Your objective — Please make sure what you return matches the listing below exactly, minus its pictures.

Collected material —
^^^^
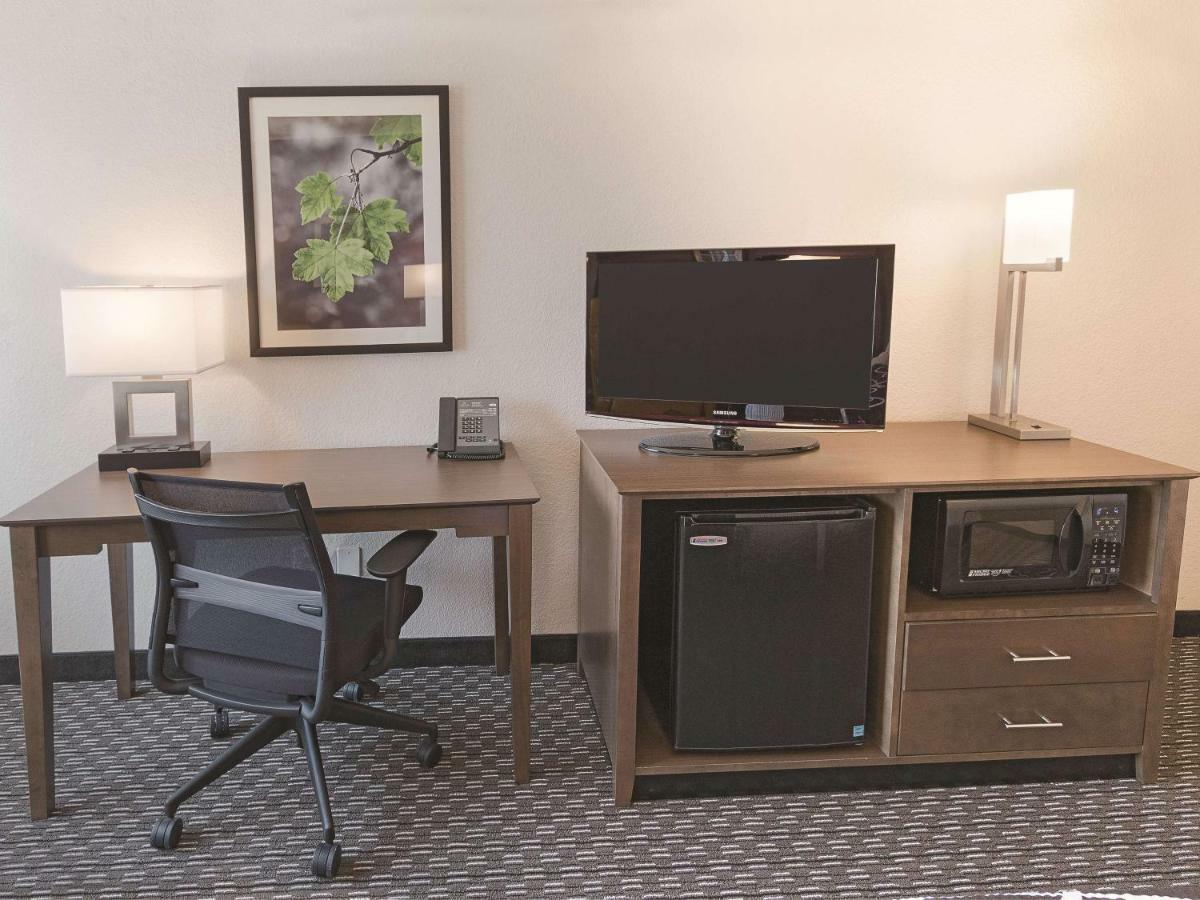 La Quinta By Wyndham Arlington North 6 Flags Dr Hotel Luaran gambar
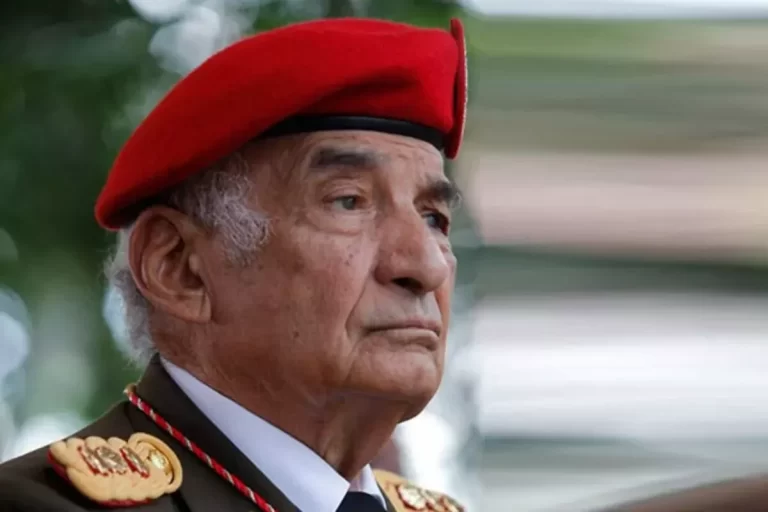 Muere el general en jefe Jacinto Pérez Arcay, el militar activo de mayor antigüedad de Venezuela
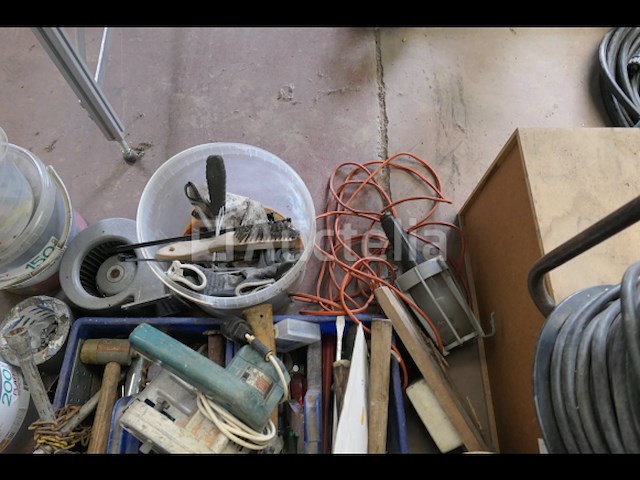 Diverse gereedschappen en verbruiksartikelen - afbeelding 10 van  11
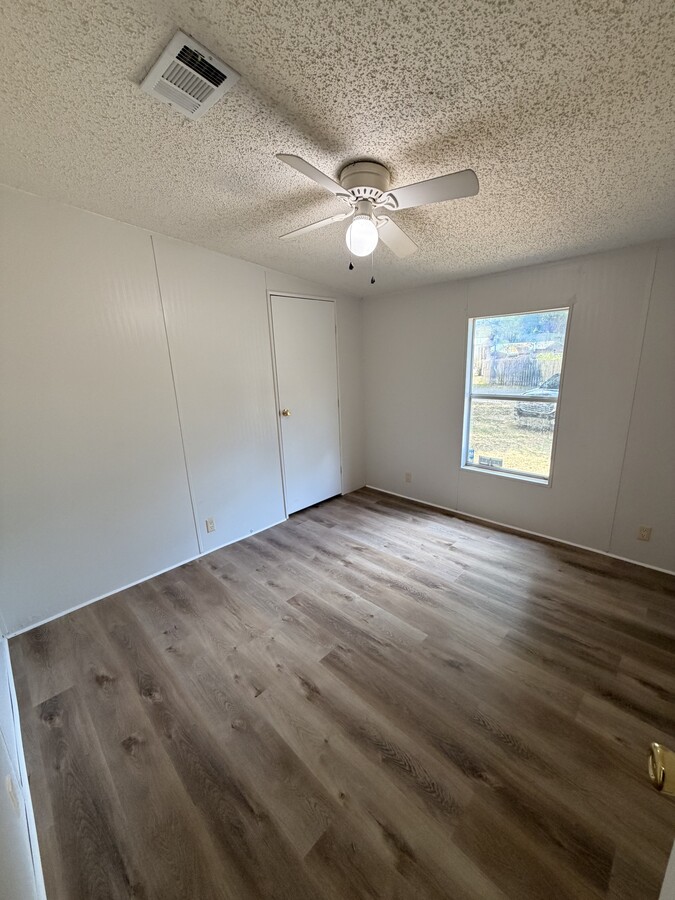 Photo - 6525 Burdick St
^^^^
Exercise solution —
 La Quinta By Wyndham Arlington North 6 Flags Dr Hotel Luaran gambar
 Muere el general en jefe Jacinto Pérez Arcay, el militar activo de mayor antigüedad de Venezuela
 Diverse gereedschappen en verbruiksartikelen - afbeelding 10 van  11
 Photo - 6525 Burdick St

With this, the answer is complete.